Learn some of the ins and outs of credit cards with low interest

Sometimes less is more. And having a credit card with a low interest rate (or APR) is a perfect example. 

If you carry a balance each month, you’ll be charged interest on the unpaid portion. And since interest is a key factor in how much you’re charged, finding a low-interest credit card can lessen how much you’ll pay in the long run.

See? Less interest can potentially mean more savings! 

When Is an Interest Rate Considered Low?

There’s no industry standard for what’s considered to be a low interest rate. However, the Federal Reserve determines the national average every quarter. For the fourth quarter of 2019, the average interest rate was 14.87%.

Your credit card’s interest rate might be higher or lower than the national average, depending on things like your credit score and credit history. Just remember, the average credit card APR isn’t necessarily what you’ll get on a credit card you’re approved for. 

Some cards offer a 0% introductory APR. This means that for a certain number of months you won’t pay any interest when you carry a balance. Just be sure to keep making your payments on time, and read through the terms and conditions to make sure you fully understand the offer.

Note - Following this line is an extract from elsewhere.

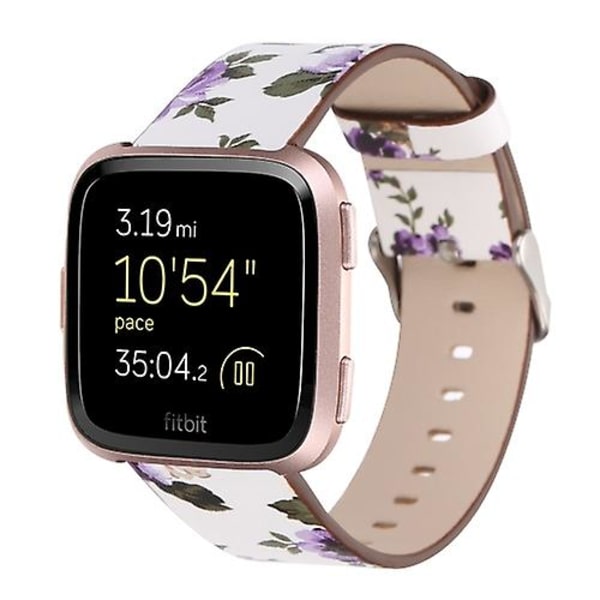 För Fitbit Versa 1 / 2 Blommönster Klockarmband VUJ White Purple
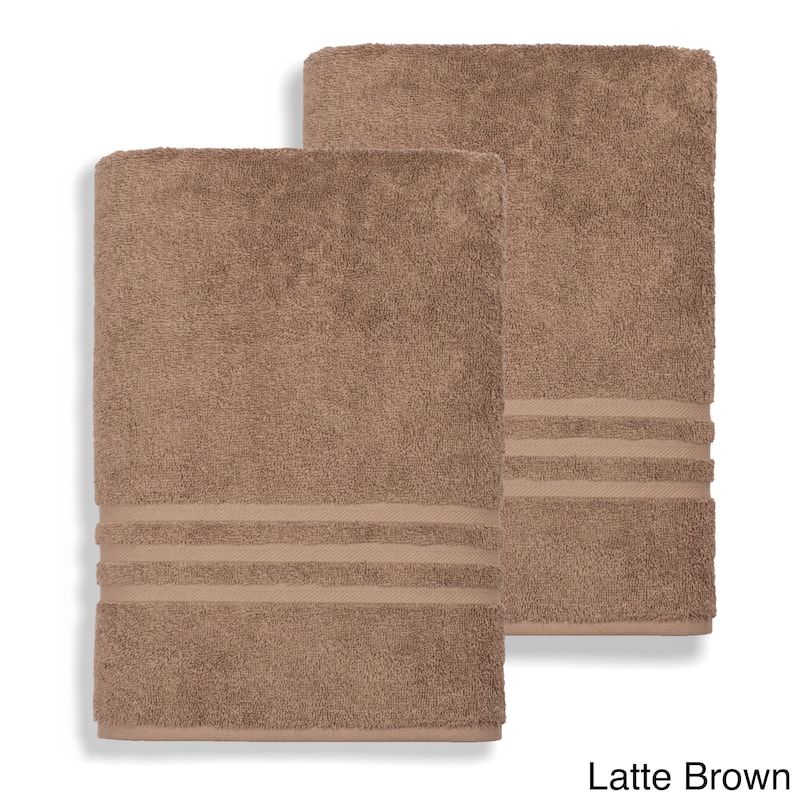 Authentic Hotel and Spa Omni Turkish Cotton Terry Oversized Bath Sheet Towels (Set of 2) - Latte Brown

Low-Interest Credit Cards and No Annual Fee

In some cases, you can get the best of both worlds and find a card with a low interest rate that has no annual fee. That means you’ll not only have a low APR, but you also won’t be charged a fee for keeping your account open every year.

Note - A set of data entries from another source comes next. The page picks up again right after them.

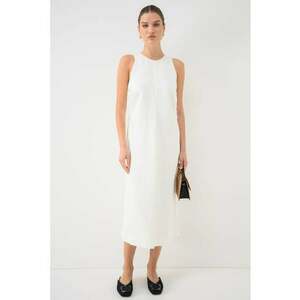 Rochie midi dreapta din amestec de in - Alb murdar imagine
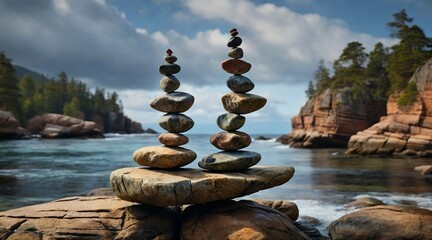 Balancing rocks on the Beach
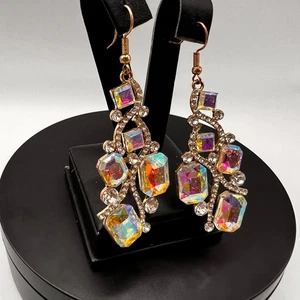 Goldfarbene schillernde CZ Strass Ohrhänger 3" formeller Abschlussball Glamour Party  - Bild 1 von 8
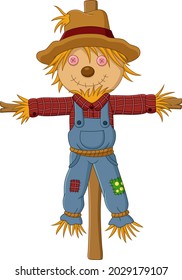 Cartoon Scarecrow Isolated On White Background Stock Vector (Royalty ...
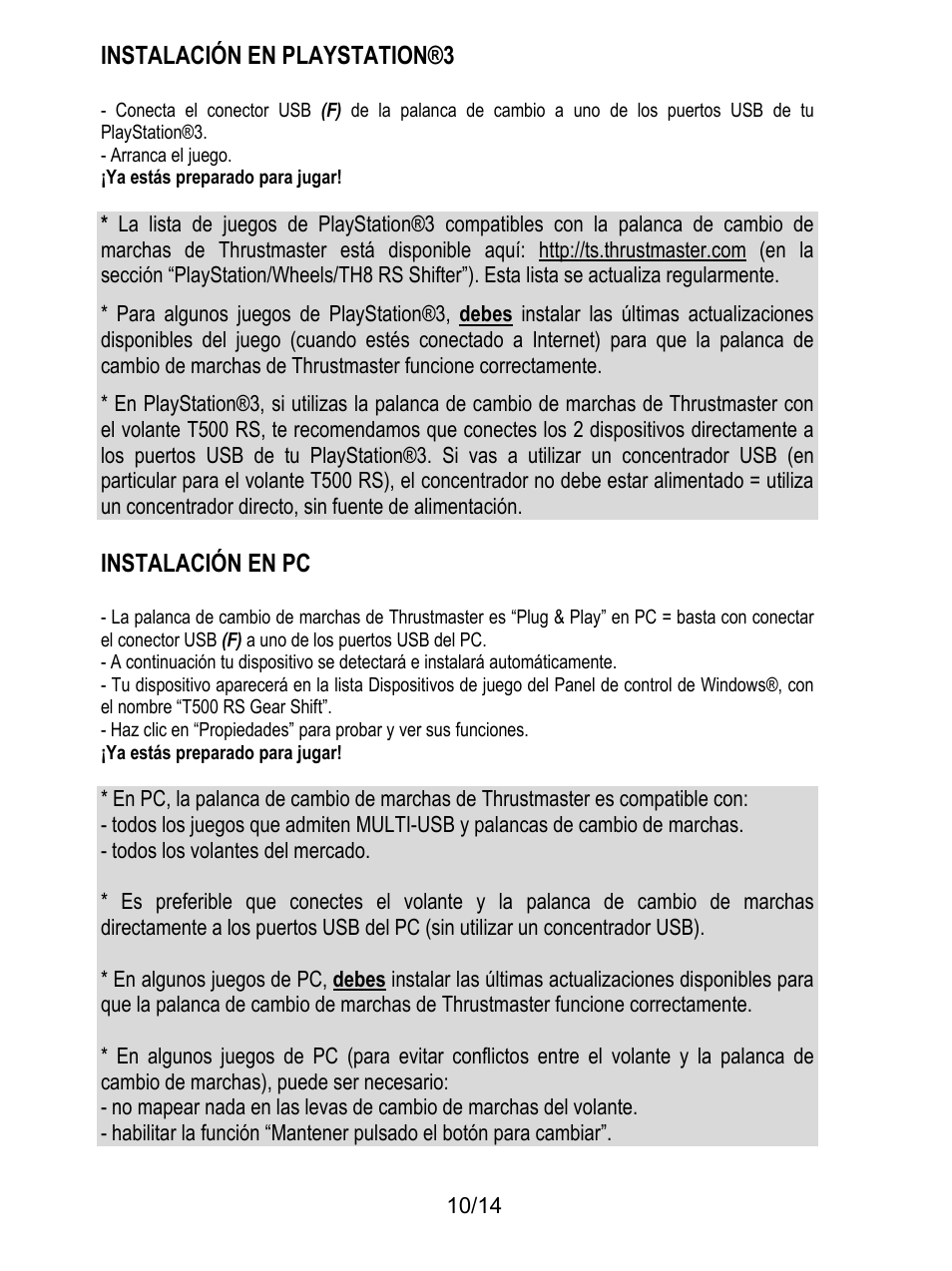 Instalación en playstation®3, Instalación en pc | Thrustmaster TH8 RS Shifter User Manual | Page 81 / 170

How Does Credit Score Affect Interest Rate?

Your credit history, credit score and credit activity can affect the APR you’re offered. And a higher credit score potentially means better credit card options with lower interest rates. On the flip side, a low credit score may limit your choices. In that situation, lenders may offer you an entry card that has higher rates.

It can be helpful to understand what lenders take into consideration. They’ll typically look at things like your payment history, how long you’ve had accounts open and how much of your available credit you’re using. Whichever card you decide you’re interested in, it’s probably a good idea to try to improve your credit score.

Low-Interest Credit Cards Without a Balance Transfer Fee

A balance transfer moves the amount you owe on one credit card to a new card. It doesn’t lower the balance you owe. But if you transfer your balance to a new card with a lower APR, you can potentially save money on interest.

And if you’re being charged less in interest, that means you might be able to pay off your balance faster. Consider a card that not only has a lower interest rate but one that also won’t charge you a fee for transferring the balance. 

Can You Ask for a Low-Interest Credit Card?

If you contact a lender, you can absolutely ask about cards with a lower interest rate. You’ll still have to go through the process of applying. But lenders should be able to go over their different cards with you as well as the interest rate on each. Never be afraid to ask!

Find the Low-Interest Credit Card That’s Right for You

Before applying for a card with low interest or considering a low introductory APR sign-up offer, make sure you know your credit score, and take time to consider your spending habits. If you apply for a low introductory offer, be sure you know what the interest rate will be after the promotional period ends—especially if you regularly carry a balance. Once you apply, you’ll usually find out if you’re approved in no time!

We hope you found this helpful. Our content is not intended to provide legal, investment or financial advice or to indicate that a particular Capital One product or service is available or right for you. For specific advice about your unique circumstances, consider talking with a qualified professional.